■ Task brief: Nothing but the pictures should be left out when the entries below are duplicated.

Segment Start: Task input

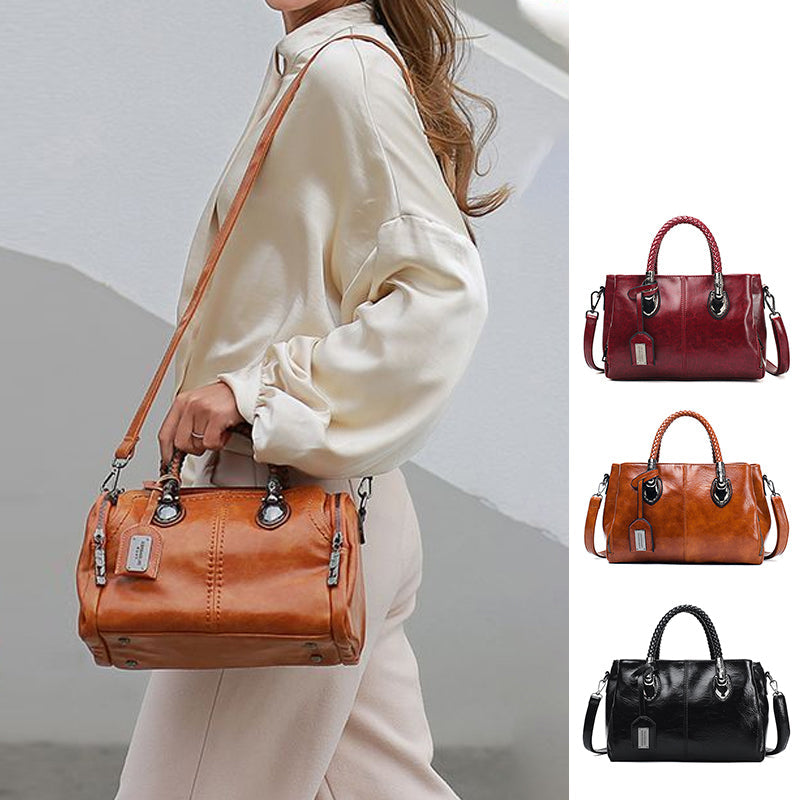 Soft Oiled Wax Leather Large Boston Tote Bag
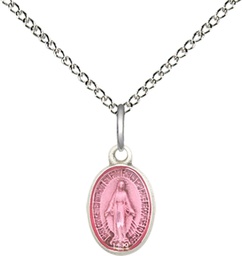 [0702PMSS/18SS] Sterling Silver Miraculous Pendant on a 18 inch Sterling Silver Light Curb chain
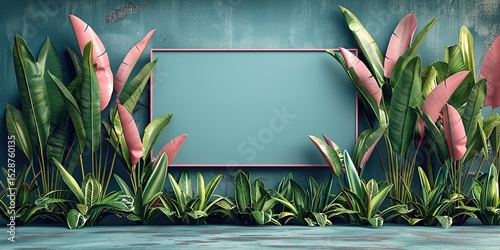 a banner that fuses tropical plants elements incorporating vibrant colors and exotic patterns, 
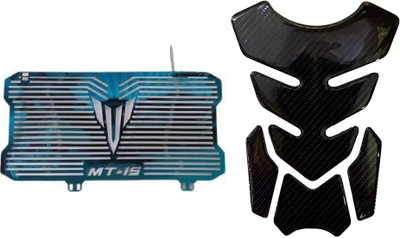 acube mart Tank Pad Sticker 7D 7DCF-1 stickers + MT 15 Radiator Grill Guard dash blue Bike Tank Pad
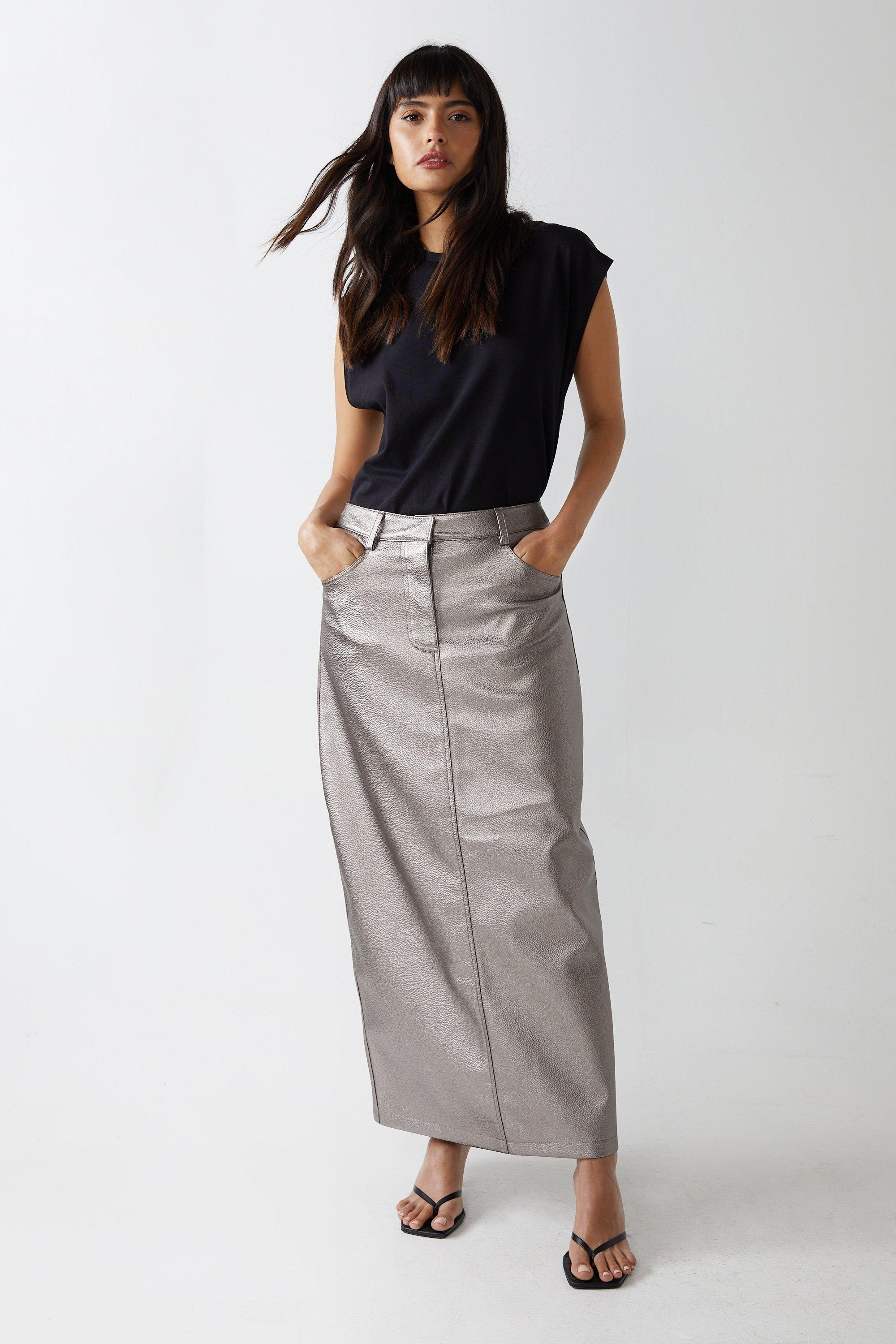 Premium Faux Leather Metallic Maxi Skirt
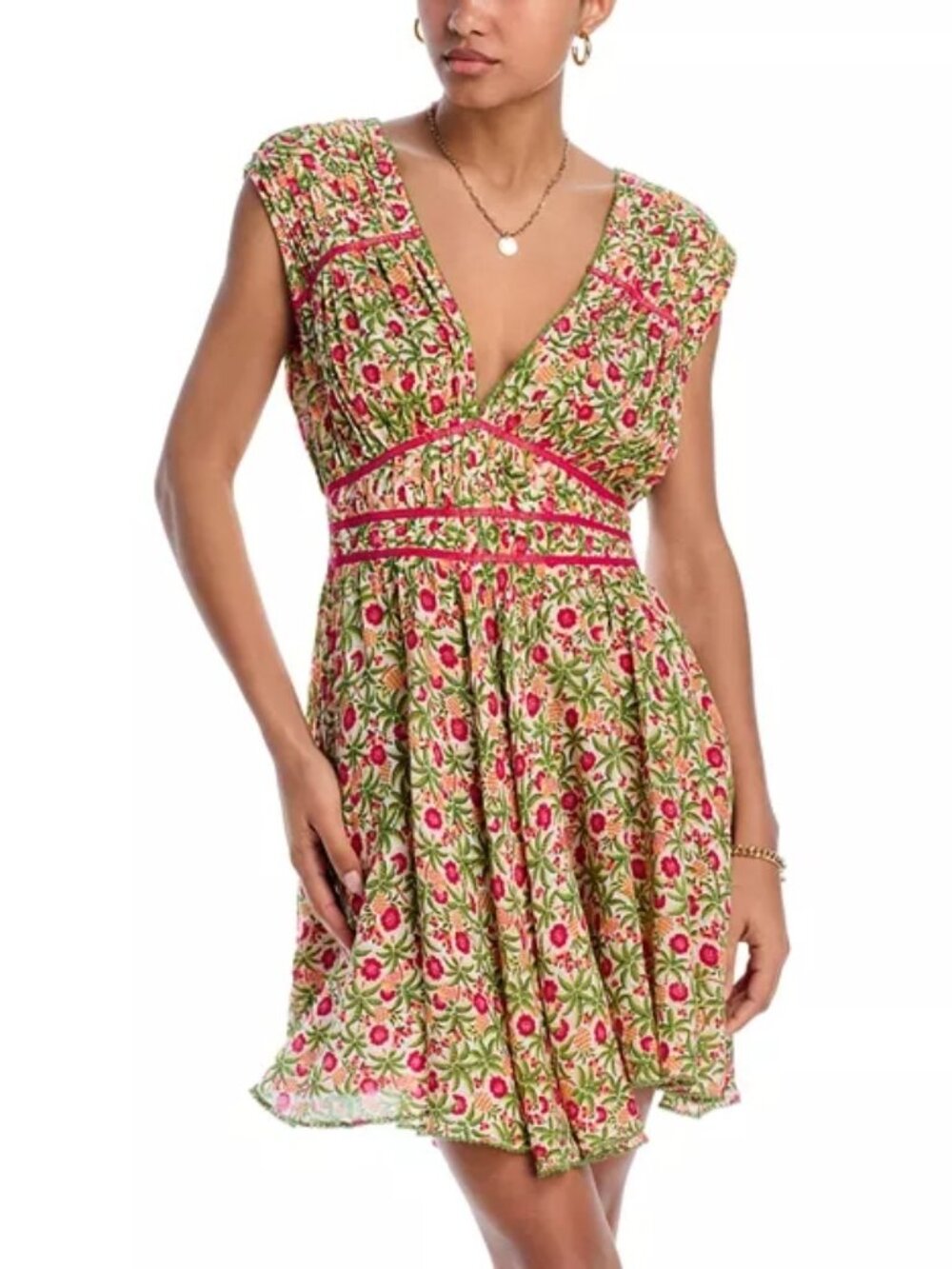 340$ Poupette St. Barth Ciao Allover Floral Print Mini Dress Size L Pink - Picture 2 of 4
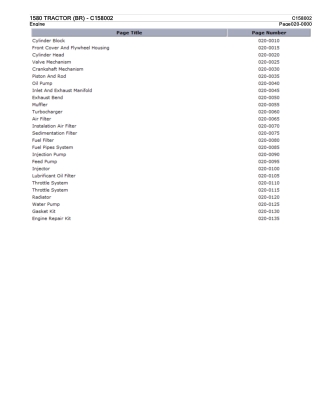 Valtra 1580 TRACTOR (BR) Tractor Parts Catalogue Manual Instant Download (Part No. C158002)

Segment End: Task input

■ Exercise output:
 Soft Oiled Wax Leather Large Boston Tote Bag
 [0702PMSS/18SS] Sterling Silver Miraculous Pendant on a 18 inch Sterling Silver Light Curb chain
 a banner that fuses tropical plants elements incorporating vibrant colors and exotic patterns, 
 acube mart Tank Pad Sticker 7D 7DCF-1 stickers + MT 15 Radiator Grill Guard dash blue Bike Tank Pad
 Premium Faux Leather Metallic Maxi Skirt
 340$ Poupette St. Barth Ciao Allover Floral Print Mini Dress Size L Pink - Picture 2 of 4
 Valtra 1580 TRACTOR (BR) Tractor Parts Catalogue Manual Instant Download (Part No. C158002)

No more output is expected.